Allotment lobbying pays off

Right from the outset it was clear that the Scottish Government intended that the Community Empowerment Bill should impact on many different areas of community life.  So it could have come as no surprise to them that there was such an extraordinary range of interest groups who lobbied and submitted evidence throughout the process.

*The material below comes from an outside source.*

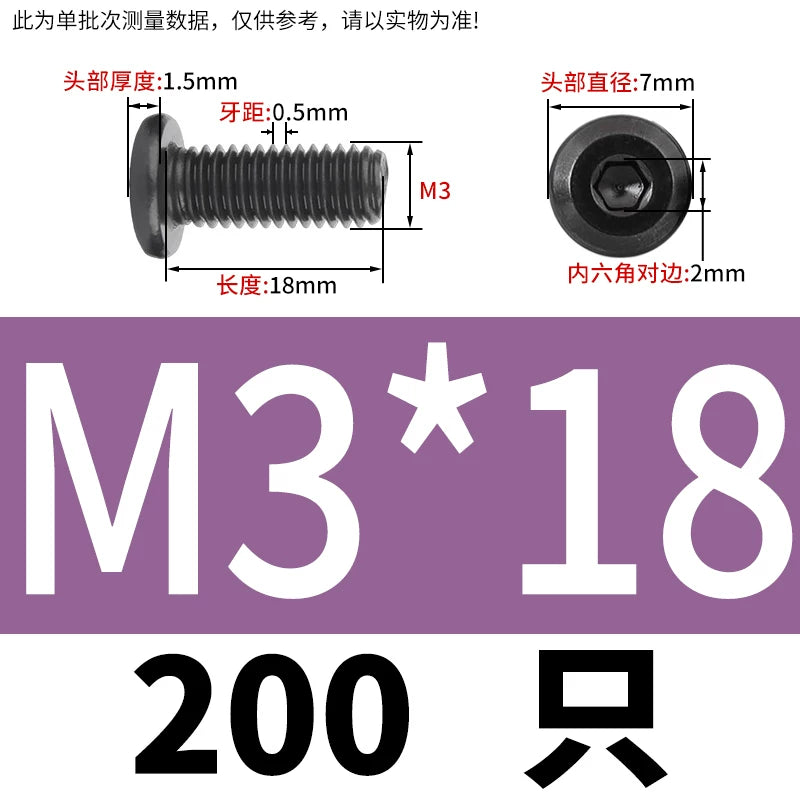 M2-M12 Black 304 Stainless Steel Hex Socket Screw Chamfered Large Flat Head Furniture Pair Lock Fastener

To their credit, the Scottish Government were in listening mode right up to the last minute.  Some of the lobbying was pretty impressive too.  In particular, Scotland’s allotmenteers can be proud of their achievements.


FUTURE generations of growers will be able to feed their families from their own veg patches after the standard size of an allotment was protected by law.

Green fingered enthusiasts will continue to be offered a 250 square metres (820 sq ft) plot after a hard-fought campaign by allotment holders.

Members of the Scottish Allotments and Gardens Society celebrated after ministers accepted last minute changes to new legislation.

They had feared the Scottish Government’s Community Empowerment Bill would spell the end of the standard plot by encouraging local authorities to offer smaller areas in order to reduce lengthy waiting lists.

But ministers accepted a series of changes shortly before a final vote on the Bill.

The campaign’s Mark Thirgood said: “We have come a long way, and the revised Bill recognises the unique nature of Scotland’s allotments and the contribution they make to food policy, health and well-being, social justice, CO2 emissions reduction and enhancing the natural environment.

“It should serve Scotland’s allotment community well going forward.”

He added: “We would like to thank the Scottish Government for supporting legislation that recognises the importance of allotments in the modern world.”

The Community Empowerment Bill defines the standard plot as 250 square metres (820 sq ft), a size accepted for the past 50 years.

However it allows people to request a smaller patch if that is too big for them to manage.

The new laws also oblige councils to “take reasonable steps” to increase the amount of land available for allotments if people face a five year wait or if the number waiting exceeds 50 per cent of a local authorities total plots.

Councils will also have to charge a fair rent and consult ministers before closing an existing allotment site.

The measures give greater protection to allotments in Scotland than the rest of the UK, reversing a position which has allowed 90 per cent of the country’s plots to disappear since the Second World War compared with around half in the rest of the UK.

Before the final vote, ministers accepted changes proposed by opposition MSPs during committee stages of the Bill.

Labour MSP Ken Macintosh said: “We know how beneficial allotments are for our health and wellbeing and I am hopeful that this Bill will make a big difference in meeting the growing demand that exists in Scotland.

“What’s interesting is that it has been the direct involvement of ’empowered’ allotment holders that has rescued this proposed legislation from several potential pitfalls.

“Of course the real test will come when we put the act into practice, will it deliver more allotments, fewer people waiting and more people with a plot of their own.

“If it does we should all thank SAGS for their efforts”.

The new legislation will also extend the existing community right-to-buy scheme to urban areas.

Ministers aim to make it easier for community groups to bring derelict public land and buildings back into use.

It is hoped groups will grow their own food, develop play facilities for young people.

As MSPs debated the Bill, ministers also agreed to launch a consultation on possible future legislation to help football fans play a greater role in running – and potentially owning – their club.

Mr Biagi said: “This bill is a momentous step in our drive to de-centralise decisions and give people a stronger voice in their communities.”